§ TASK BRIEF: Without the pictures, print the lines from the one holding "Red Barrel Studio®" through the last line below, both included, exactly as they stand.

§ TASK DATA:
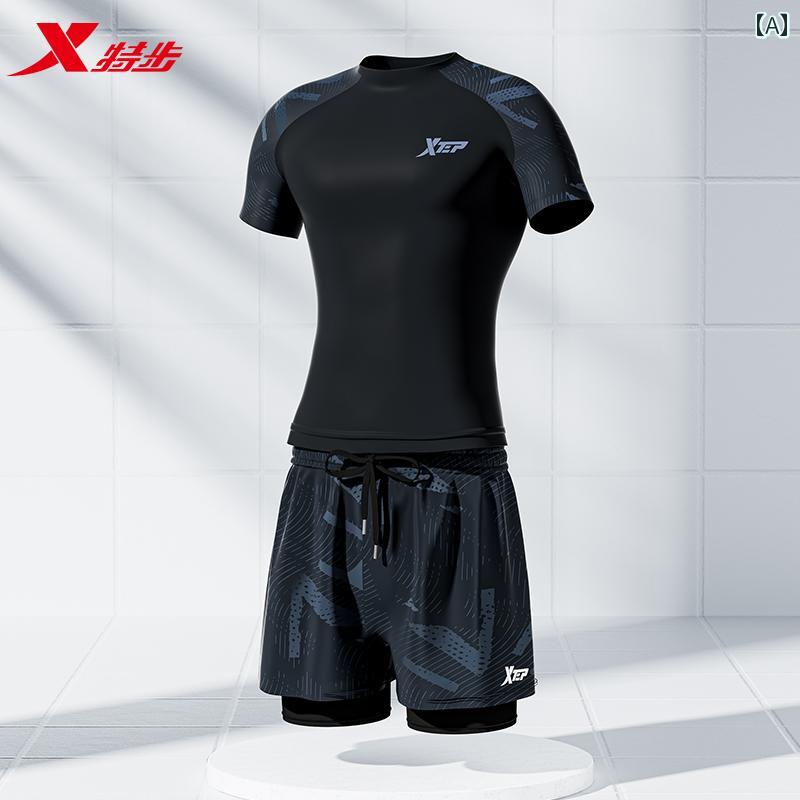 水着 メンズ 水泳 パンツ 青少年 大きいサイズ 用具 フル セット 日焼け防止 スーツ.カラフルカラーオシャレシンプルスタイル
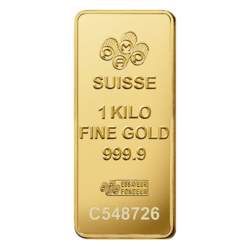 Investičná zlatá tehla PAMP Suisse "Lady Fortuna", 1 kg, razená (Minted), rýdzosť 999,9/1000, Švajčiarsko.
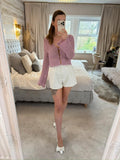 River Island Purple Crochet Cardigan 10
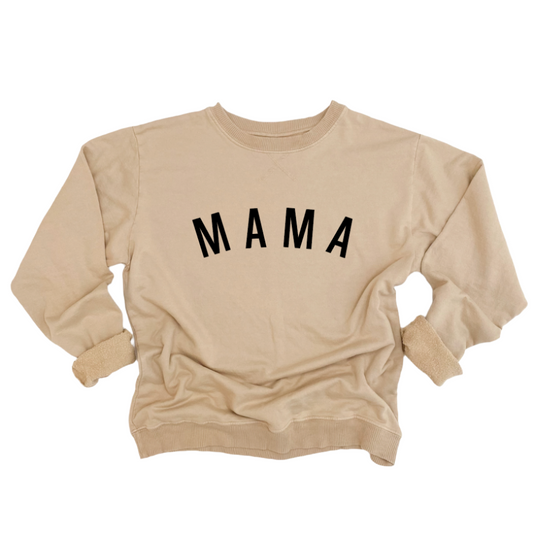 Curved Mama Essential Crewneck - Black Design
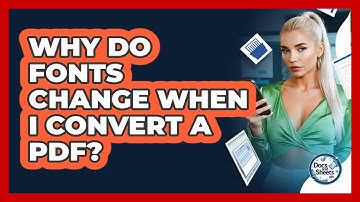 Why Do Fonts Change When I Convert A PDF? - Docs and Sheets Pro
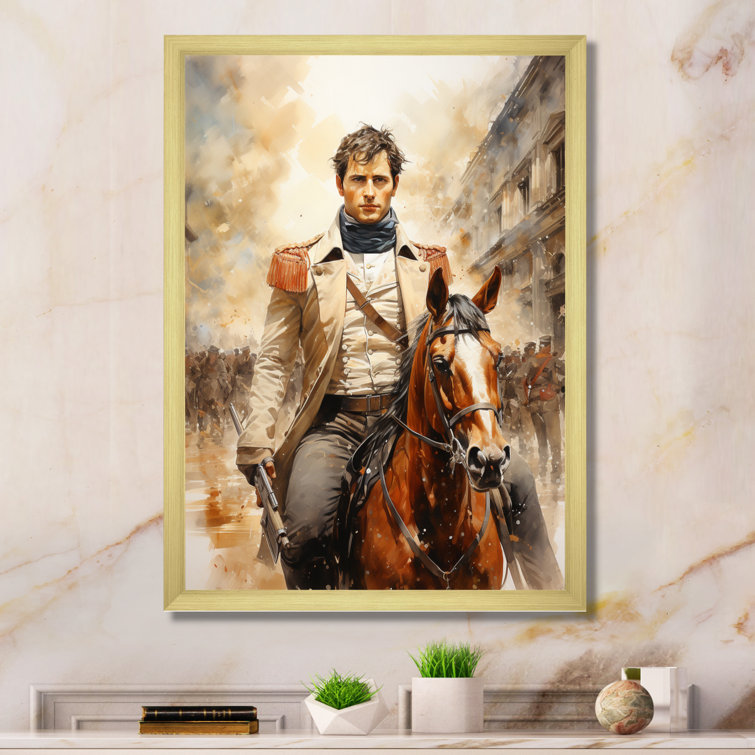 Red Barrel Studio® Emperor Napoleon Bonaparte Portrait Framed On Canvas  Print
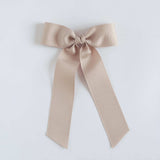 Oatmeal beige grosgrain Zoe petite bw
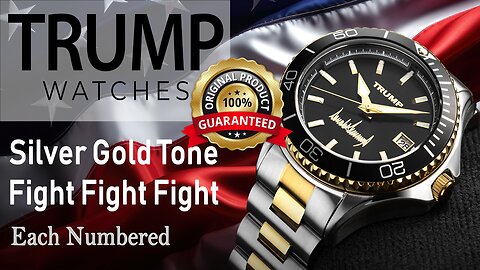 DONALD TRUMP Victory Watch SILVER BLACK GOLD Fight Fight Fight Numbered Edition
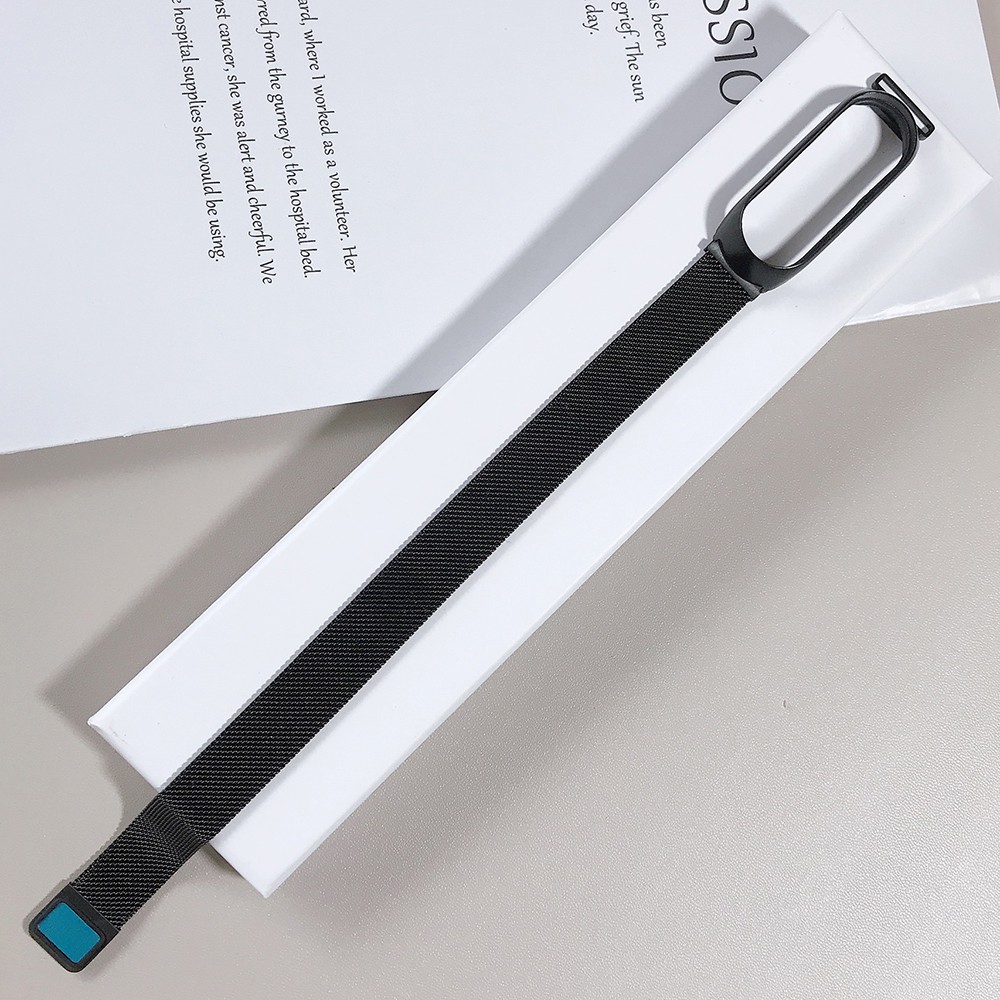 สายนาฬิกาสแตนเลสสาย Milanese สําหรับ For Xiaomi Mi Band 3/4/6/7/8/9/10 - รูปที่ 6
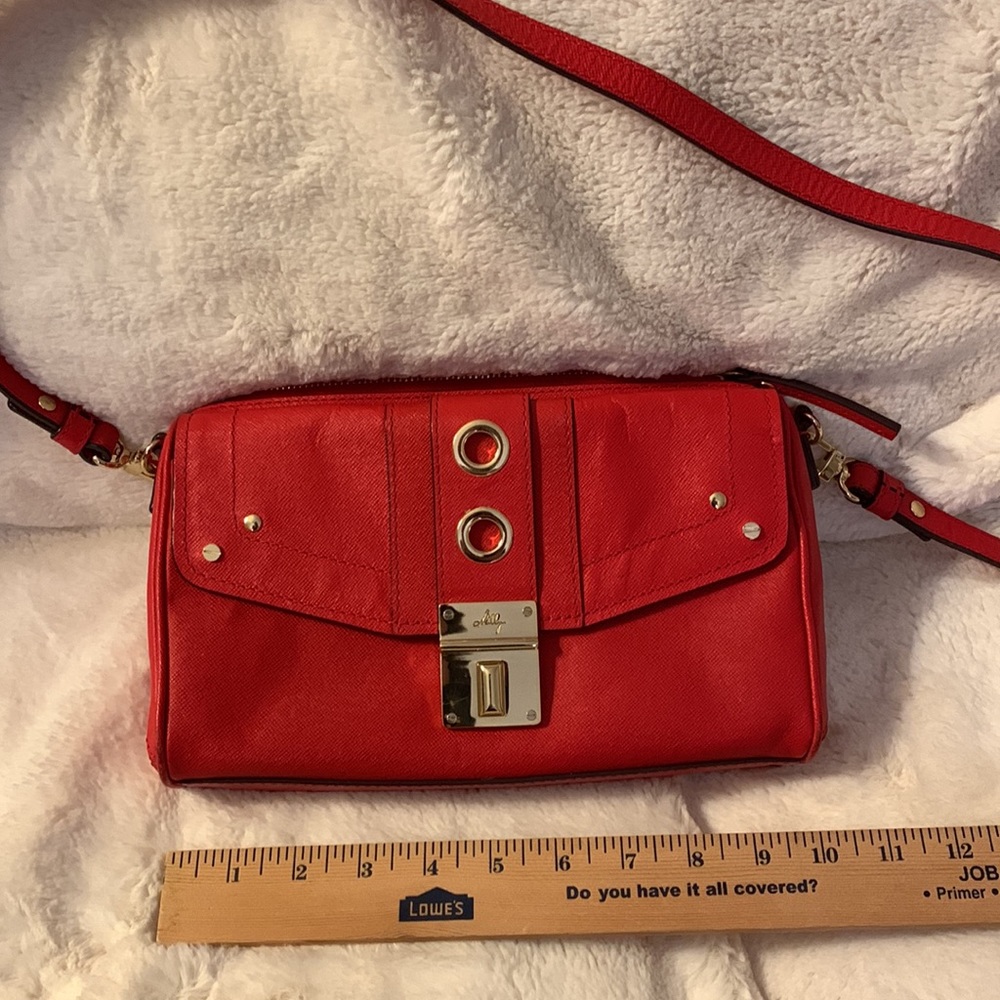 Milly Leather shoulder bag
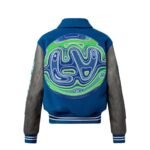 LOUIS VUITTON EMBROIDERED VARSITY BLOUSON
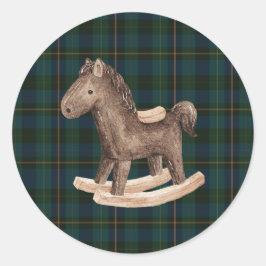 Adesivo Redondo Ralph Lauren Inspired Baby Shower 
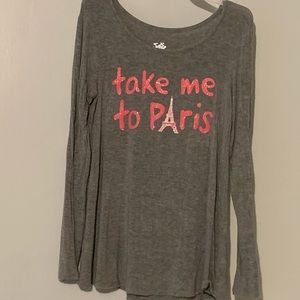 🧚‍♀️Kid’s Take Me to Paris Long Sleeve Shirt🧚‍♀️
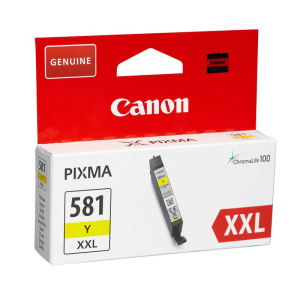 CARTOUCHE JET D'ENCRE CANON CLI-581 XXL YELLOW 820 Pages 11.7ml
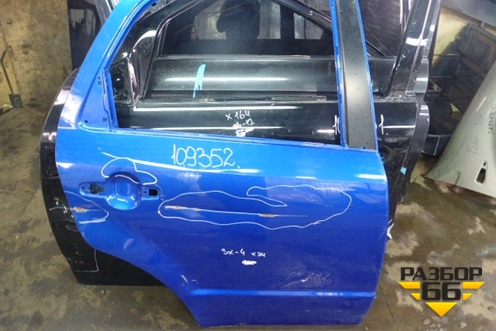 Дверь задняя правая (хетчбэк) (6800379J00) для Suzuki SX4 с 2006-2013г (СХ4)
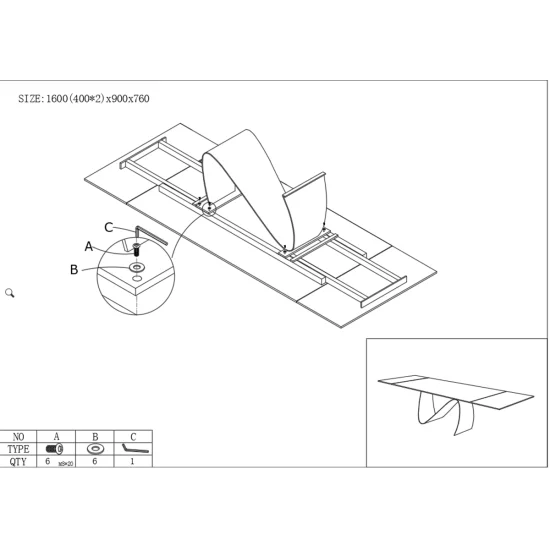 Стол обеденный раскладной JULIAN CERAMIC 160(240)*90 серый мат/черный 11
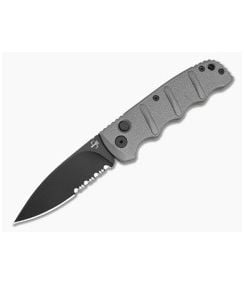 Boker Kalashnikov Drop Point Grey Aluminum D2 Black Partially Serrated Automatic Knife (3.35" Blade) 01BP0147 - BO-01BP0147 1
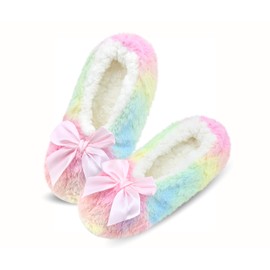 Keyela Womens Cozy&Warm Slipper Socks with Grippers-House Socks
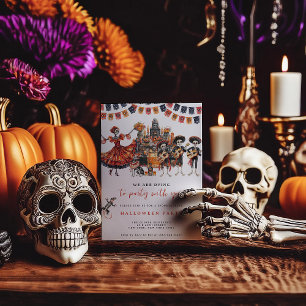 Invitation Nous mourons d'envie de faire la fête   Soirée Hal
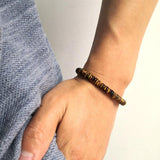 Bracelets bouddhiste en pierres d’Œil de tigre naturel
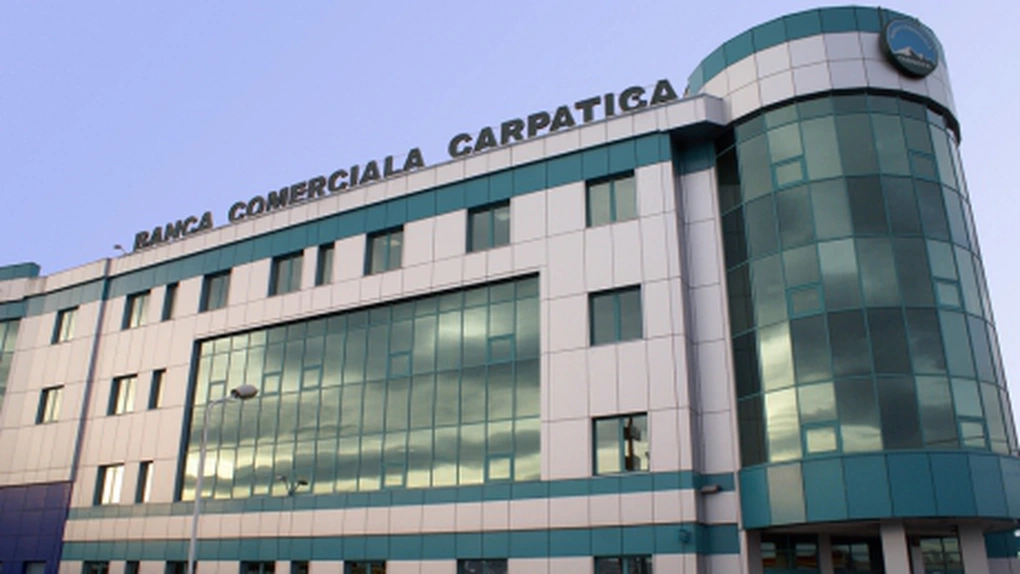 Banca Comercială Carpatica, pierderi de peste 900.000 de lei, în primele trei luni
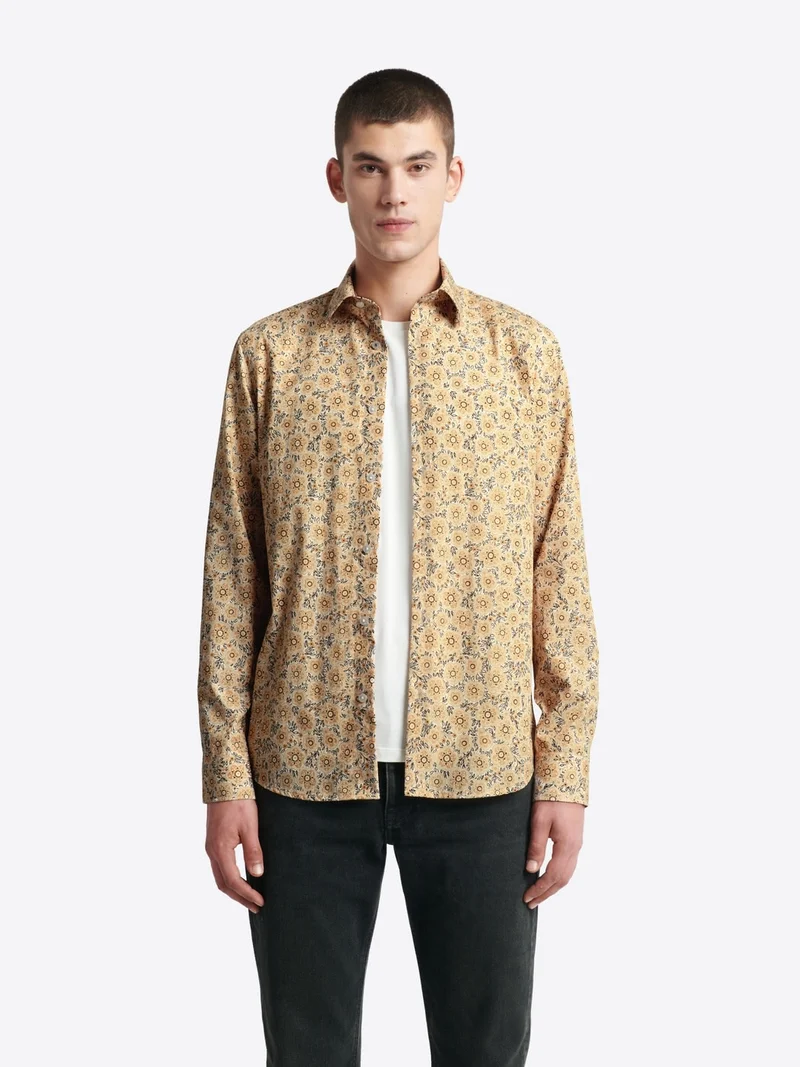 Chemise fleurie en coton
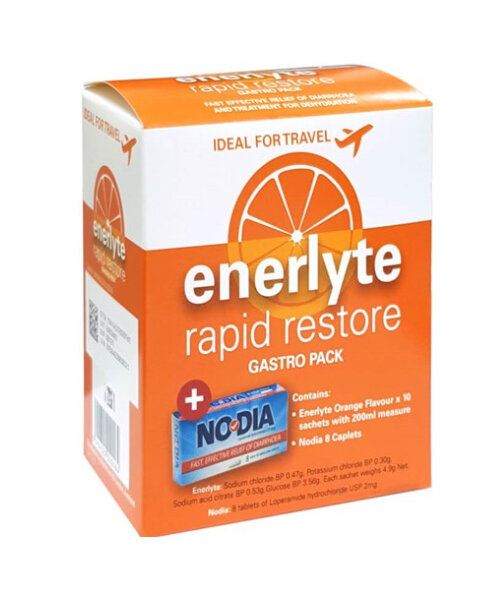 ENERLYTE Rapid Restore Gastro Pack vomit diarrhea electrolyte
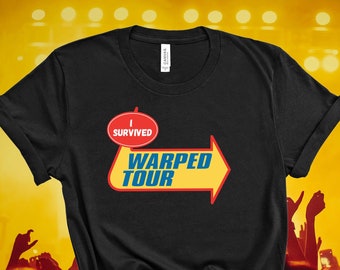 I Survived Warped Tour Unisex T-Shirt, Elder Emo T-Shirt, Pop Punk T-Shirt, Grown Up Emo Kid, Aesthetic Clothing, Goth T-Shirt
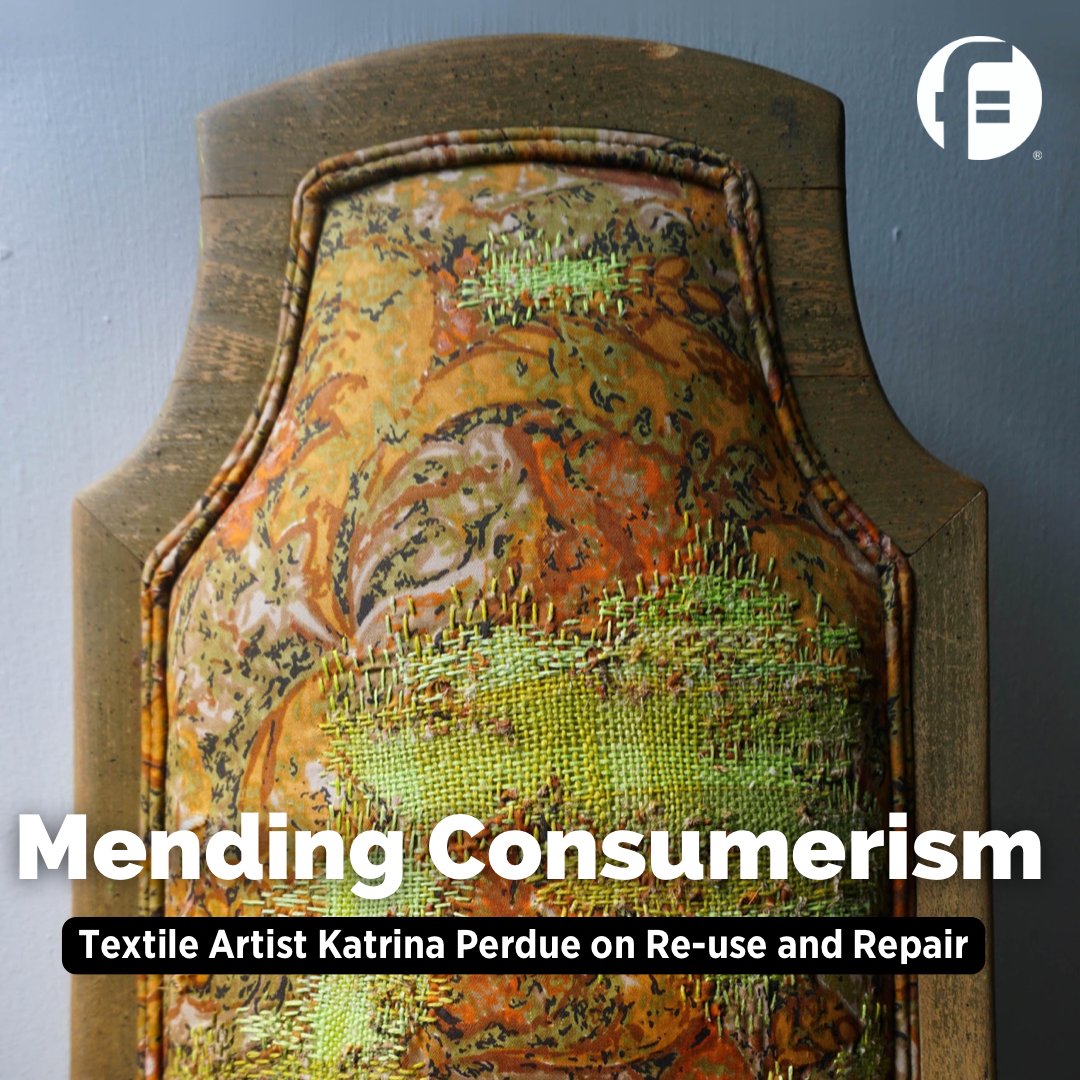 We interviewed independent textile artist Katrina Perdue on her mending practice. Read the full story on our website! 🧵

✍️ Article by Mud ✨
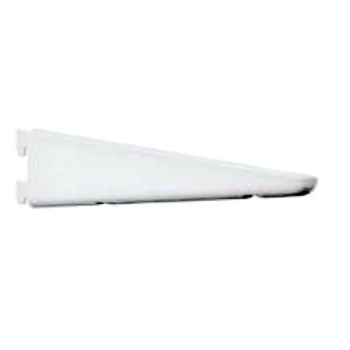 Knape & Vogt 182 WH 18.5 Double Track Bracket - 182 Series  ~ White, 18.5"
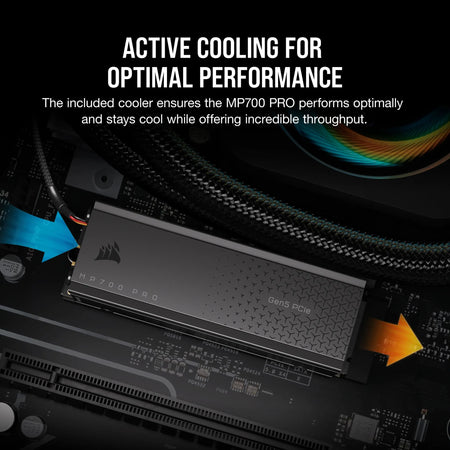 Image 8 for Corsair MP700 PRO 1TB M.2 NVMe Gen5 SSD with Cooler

§ THE COMPLETED TASK:
 Red Barrel Studio® Emperor Napoleon Bonaparte Portrait Framed On Canvas  Print
 Oatmeal beige grosgrain Zoe petite bw
 DONALD TRUMP Victory Watch SILVER BLACK GOLD Fight Fight Fight Numbered Edition
 สายนาฬิกาสแตนเลสสาย Milanese สําหรับ For Xiaomi Mi Band 3/4/6/7/8/9/10 - รูปที่ 6
 Milly Leather shoulder bag
 LOUIS VUITTON EMBROIDERED VARSITY BLOUSON
 Adesivo Redondo Ralph Lauren Inspired Baby Shower 
 🧚‍♀️Kid’s Take Me to Paris Long Sleeve Shirt🧚‍♀️
 CARTOUCHE JET D'ENCRE CANON CLI-581 XXL YELLOW 820 Pages 11.7ml
 Дверь задняя правая (хетчбэк) (6800379J00) для Suzuki SX4 с 2006-2013г (СХ4)
 Стол обеденный раскладной JULIAN CERAMIC 160(240)*90 серый мат/черный 11
 Boker Kalashnikov Drop Point Grey Aluminum D2 Black Partially Serrated Automatic Knife (3.35" Blade) 01BP0147 - BO-01BP0147 1
 Keyela Womens Cozy&Warm Slipper Socks with Grippers-House Socks
 Invitation Nous mourons d'envie de faire la fête   Soirée Hal
 Bracelets bouddhiste en pierres d’Œil de tigre naturel
 Banca Comercială Carpatica, pierderi de peste 900.000 de lei, în primele trei luni
 Chemise fleurie en coton
 ENERLYTE Rapid Restore Gastro Pack vomit diarrhea electrolyte
 I Survived Warped Tour Unisex T-Shirt, Elder Emo T-Shirt, Pop Punk T-Shirt, Grown Up Emo Kid, Aesthetic Clothing, Goth T-Shirt
 We interviewed independent textile artist Katrina Perdue on her mending practice. Read the full story on our website! 🧵

✍️ Article by Mud ✨
 Knape & Vogt 182 WH 18.5 Double Track Bracket - 182 Series  ~ White, 18.5"
 Image 8 for Corsair MP700 PRO 1TB M.2 NVMe Gen5 SSD with Cooler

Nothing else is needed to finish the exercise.